It's often a conversation killer. I'm at some social gathering of acquaintances or thrust into a social situation of some sort in which I know few people, if any. A new workplace, especially. We are making small talk. It's the usual: Do you have children? Where are you from? Are you married? What does you spouse do?
When I utter the words, "My husband is a pastor," there is a moment of silence, then a quick "oh really?" as a comment. Often I see the person scanning back through everything he or she said. I know what they are doing. They are trying to decide if they said something offensive, told an off-color joke, or uttered some sort of profanity. It happens about eight times out of ten, that someone begins to apologize to me for something that he/she said before it was known that my husband is a pastor. As if it should really make a difference. When the apologies start, my standard line is usually, "You do know, I'm not the Holy Spirit, right?"

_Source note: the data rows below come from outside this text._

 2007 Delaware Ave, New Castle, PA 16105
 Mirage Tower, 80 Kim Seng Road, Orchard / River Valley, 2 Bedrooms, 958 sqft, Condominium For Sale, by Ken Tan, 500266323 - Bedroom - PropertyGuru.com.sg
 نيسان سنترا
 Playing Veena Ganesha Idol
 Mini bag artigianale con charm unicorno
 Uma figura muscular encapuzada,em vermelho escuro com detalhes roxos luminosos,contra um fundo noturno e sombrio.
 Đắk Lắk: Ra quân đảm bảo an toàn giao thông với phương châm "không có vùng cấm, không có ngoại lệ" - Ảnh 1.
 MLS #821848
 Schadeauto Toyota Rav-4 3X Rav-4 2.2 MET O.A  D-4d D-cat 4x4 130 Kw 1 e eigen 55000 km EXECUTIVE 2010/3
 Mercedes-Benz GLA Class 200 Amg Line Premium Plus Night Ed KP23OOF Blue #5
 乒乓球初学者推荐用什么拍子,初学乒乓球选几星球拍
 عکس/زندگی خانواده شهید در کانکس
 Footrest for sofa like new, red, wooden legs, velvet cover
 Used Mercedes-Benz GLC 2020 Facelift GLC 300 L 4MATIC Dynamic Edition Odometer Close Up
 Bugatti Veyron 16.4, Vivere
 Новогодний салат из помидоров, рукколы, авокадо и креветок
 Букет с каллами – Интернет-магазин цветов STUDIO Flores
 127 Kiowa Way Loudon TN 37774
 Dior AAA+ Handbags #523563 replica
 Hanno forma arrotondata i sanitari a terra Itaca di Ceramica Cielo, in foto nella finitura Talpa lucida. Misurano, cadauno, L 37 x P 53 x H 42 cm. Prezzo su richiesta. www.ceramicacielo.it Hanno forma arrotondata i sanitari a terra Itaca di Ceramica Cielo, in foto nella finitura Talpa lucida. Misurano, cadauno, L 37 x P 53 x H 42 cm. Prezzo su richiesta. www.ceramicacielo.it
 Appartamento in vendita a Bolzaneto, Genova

My husband tried to warn me. He said it would happen when you marry a minister. I just didn't realize how often it would happen.
I've been known to use profanity. And I trade in vulgar jokes sometimes. I'm still a child at heart.
So I know where my vulnerabilities are. I also know when to be quiet, when not to talk because it might jeopardize him and his ministry. This is a balancing act -- being a minister's wife. But I'm me. I haven't become some holy women because I'm married to a minister.
And I hate it when people act as if I have. When the find out I'm a minister's wife, so they change who they are instantly.
I hate that.
I know it's shocking! After all, I am not wearing a jumper, I do wear make-up, and I am an educated, professional woman. I just blew your stereotype. And for the record, this pastor guy, with whom I share a house, a life, and a bed, is a pretty darn non-stereotypical human himself. He loves hiking and being away fromcivilization, he lives for Doctor Who, and one of his favorite songs of all times is by Nirvana. We're regular folk. He and I still have disagreements, we both get in bad moods, we have forgotten to pay a bill or two on time. He leaves the toilet seat up and I leave my shoes lying around. We think ill of others sometimes and simply find some people annoying and disagreeable. So don't feel like you have to be perfect around us, because the Lord knows (really) that we certainly aren't. I would much rather have someone be genuine around me than to pretend to be someone they are not because they think it makes them look better. I'm not an idiot -- I can nearly always see right through the veneer of perfection and pseudo-piety.
Yes, I know how to cook, and I love to do it. But not because I'm "a pastor's wife".
Recently, someone was afraid of being too crass withme because she thought that, being a minister's wife, she would need to tone down. She doesn't.
No one does.
Moral of the story? It doesn't really matter what my husband's job is. You wouldn't act differently is he was a physician or plumber or librarian or chef, so don't act differently because he's a pastor. You are still you and I am still me. We need to be authentic with one another to form real relationships. And I'm not judging, nor do I have a super-special relationship with God that's different than what you or anyone else can have, if you choose to do so. Let's just be real ... together.